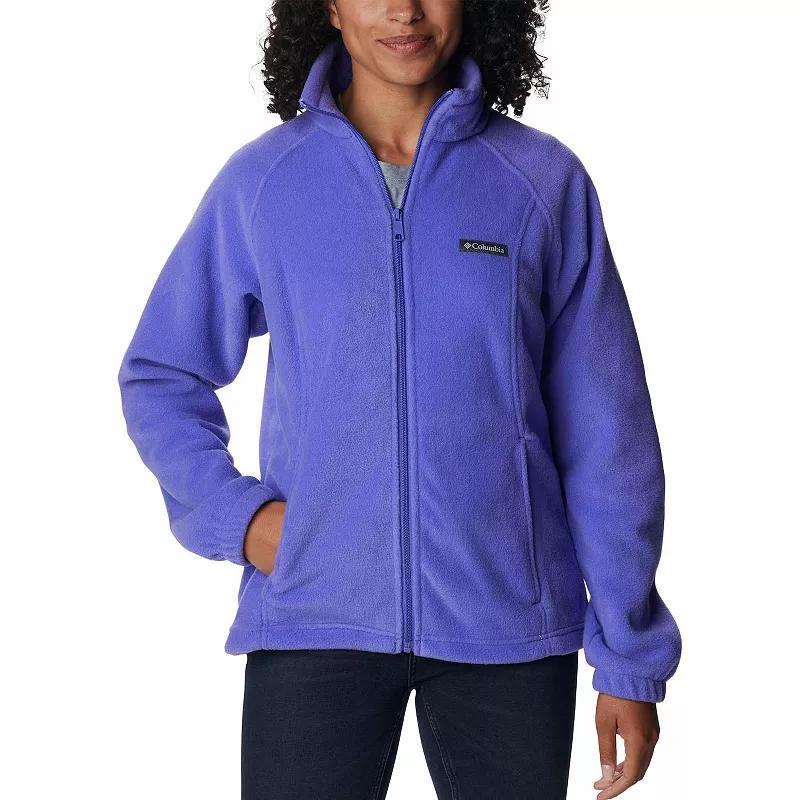 Plus Size Columbia Benton Springs Full-Zip Fleece Jacket, Women's, Size: 1XL, Clematis Blue Product Image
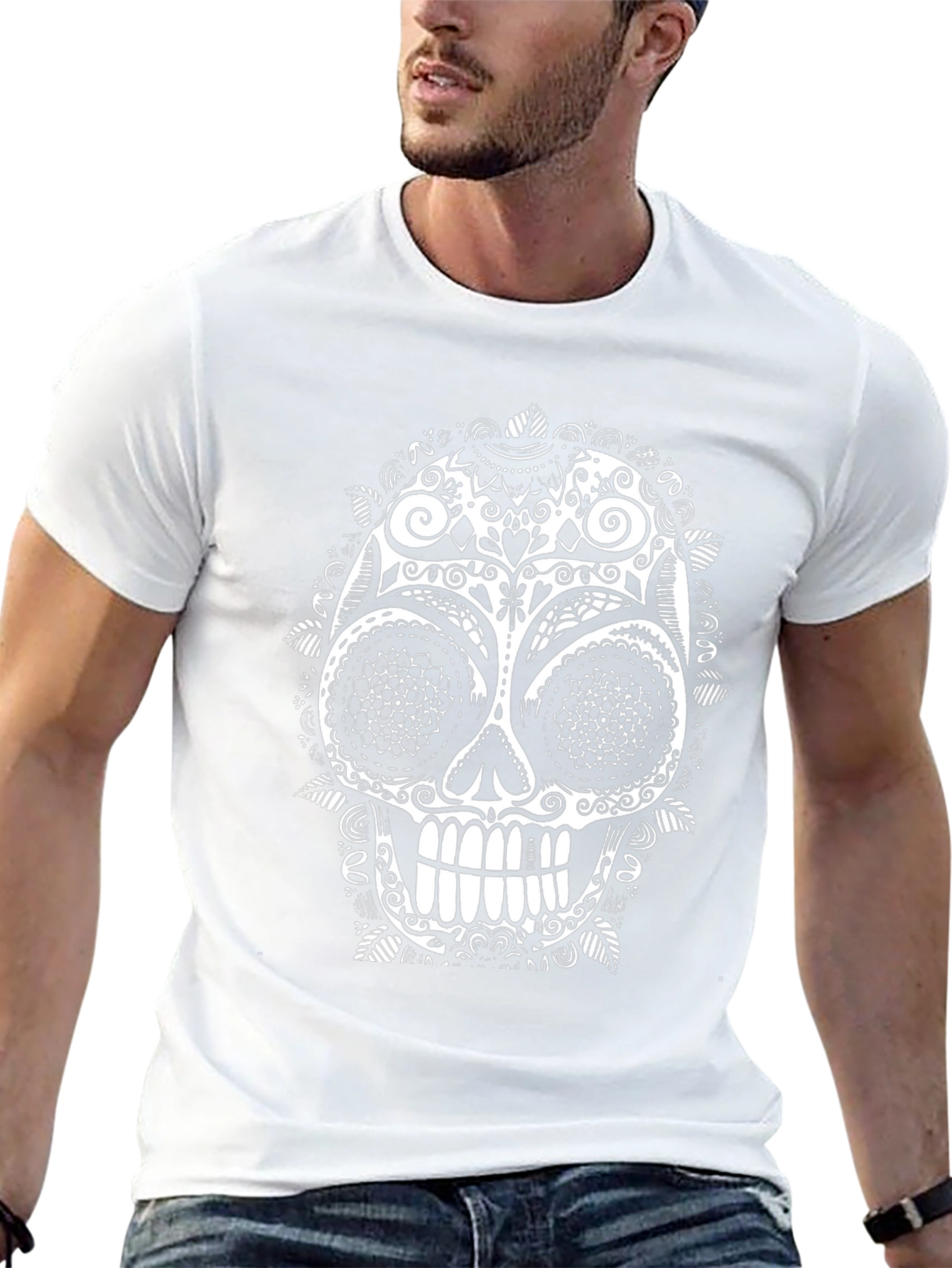 Sugar Skull T-Shirt - Black Graphic Tee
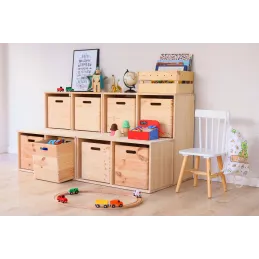 Étagère modulaire en pin massif Dinamic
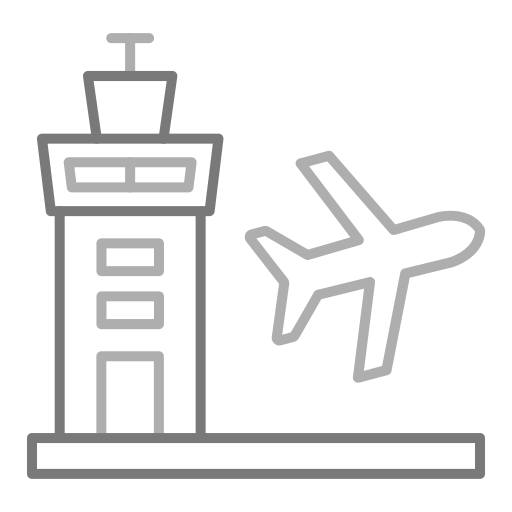 aeropuerto Generic color outline icono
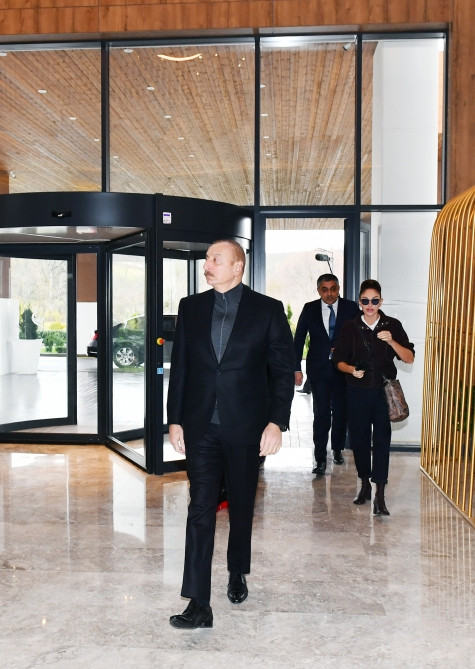 Prezident İlham Əliyev və birinci xanım Mehriban Əliyeva “Şabran” İstirahət Kompleksinin açılışında iştirak ediblər<font color='red'> - YENİLƏNİB</font><font color=red> - FOTOLAR</font>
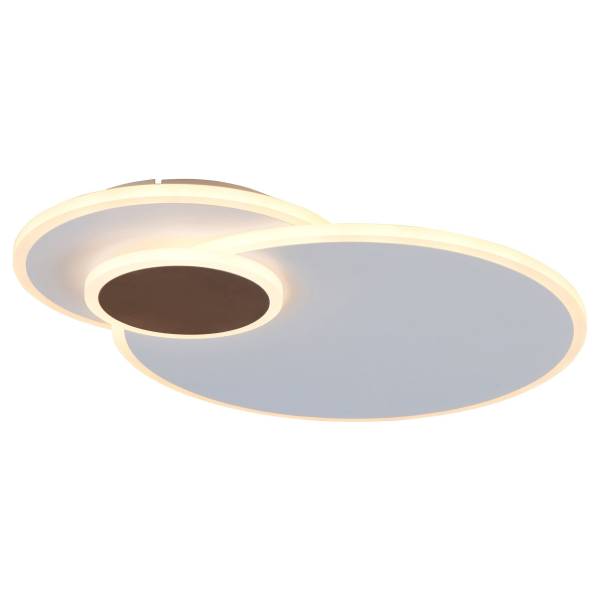 Deckenleuchte Serea Typ B Eisen / Polycarbonat - 1-flammig - Weiß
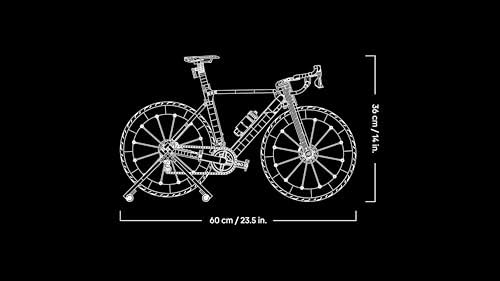 Icons Le Vélo de Route - Maquette DIY pour Adulte - Pneus en Caoutchouc, Dérailleurs & Support de Roue Arrière - Décoration de Bureau - Cadeau Sportif pour Fan de Cyclisme 11380 — photo 8 sur 8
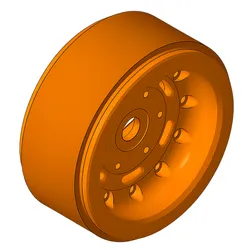1.9" Beadlock Rim (3-Piece Design) – M2 Screws, 18 per Rim / Nuts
##########
Beginning at the line above that contains "Deckenleuchte Serea Typ" and going on through the line that contains "Icons Le Vélo", please copy every line exactly, leaving the pictures out and adding nothing.

■ **SOLVED EXERCISE**:
 Deckenleuchte Serea Typ B Eisen / Polycarbonat - 1-flammig - Weiß
 Icons Le Vélo de Route - Maquette DIY pour Adulte - Pneus en Caoutchouc, Dérailleurs & Support de Roue Arrière - Décoration de Bureau - Cadeau Sportif pour Fan de Cyclisme 11380 — photo 8 sur 8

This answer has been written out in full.